The decline in retail consumer interest continued in December with sales down from 8.8 in November to 6.1, according to Manheim’s Dealer Dashboard.

December is generally a quiet month for used car retailers and the figures come as no surprise.

Sales performance is significantly behind that of December 2008 (9.9 sales), but it is on a par with 2010 (6.5) and 2011 (6.8).

Consumers were put off by some poor weather as interested buyers increasingly substituted a dealership visit with a virtual one.

“A day doesn’t go by without there being a new and different prediction about the economy and its impact on consumers.

"While 2012 looks set to be another difficult year and with new car sales still depressed, 2012 will be the year of the used car, which should be firmly entrenched in a dealer’s strategy,” said John Simpson, managing director of Manheim Retail Services.

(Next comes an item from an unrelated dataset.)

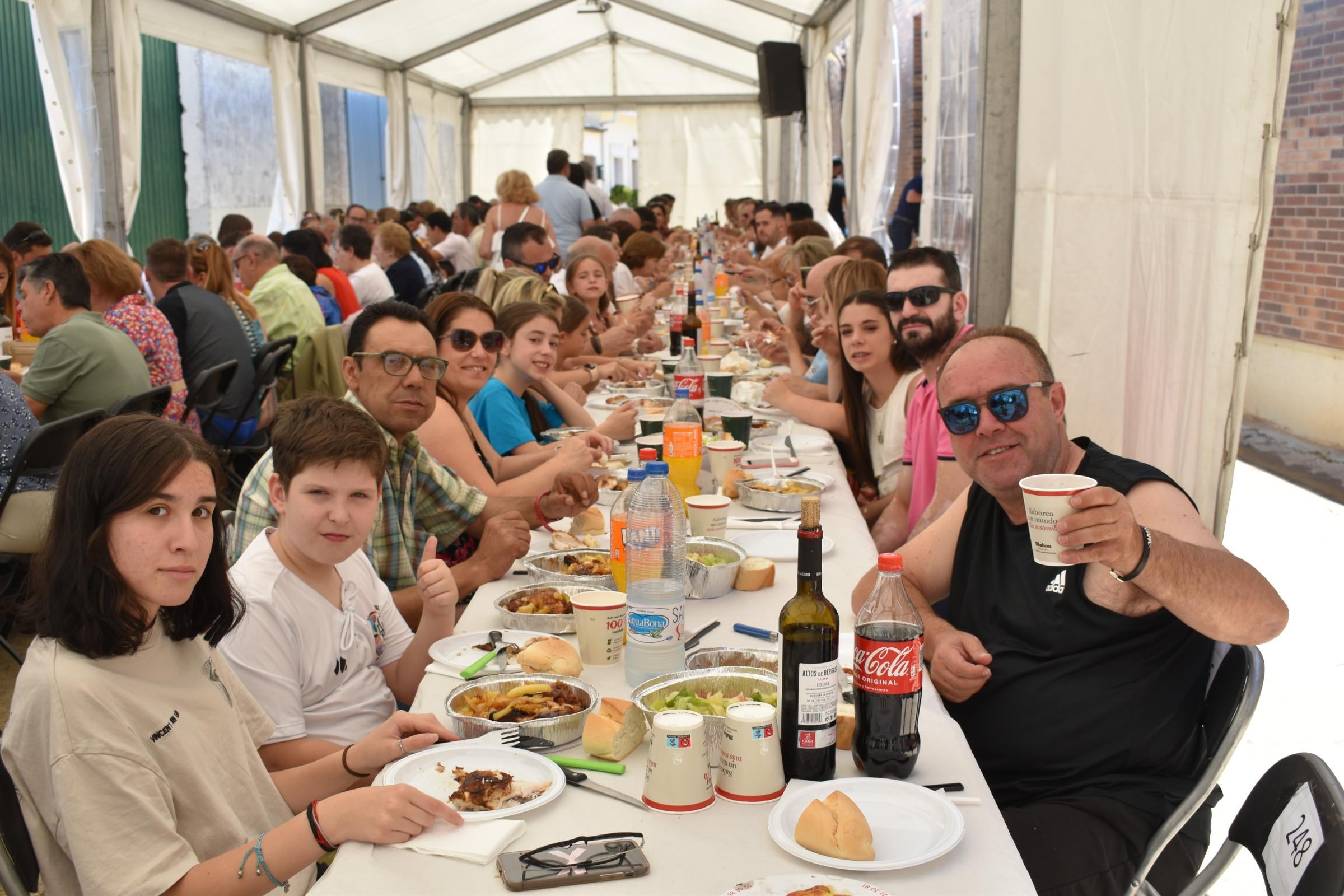 Calzada de Don Diego despide las fiestas de San Juan Bautista con una comida para 250 personas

With dealers keeping a firm eye on the expected January uplift and a slightly younger model mix bringing in some more attractive stock, wholesale market average stock for retail values rose a respectable £129 to £7,762.

“Dealers have clearly learnt the lesson of two years ago when forecourts were left bare and sales opportunities went begging.

"Even with the fragility of today’s market, demand for good quality stock remains high,” said Mike Pilkington, managing director of Manheim Remarketing.

Despite values improving, buyers are still having to sift the good from the poor and are continuing to be very wary of the plethora of stock that is not ready to retail.

All segments enjoyed a rise in values with compact executive segments enjoying the largest increase of 7% over last month.

The lower value part-exchange market remained relatively flat. On average, stock available increased in age and mileage compared with November and values dipped accordingly by £84 to £2,362.

Values are 6% higher than December 2010 and conversion rates remain healthy for the time of year.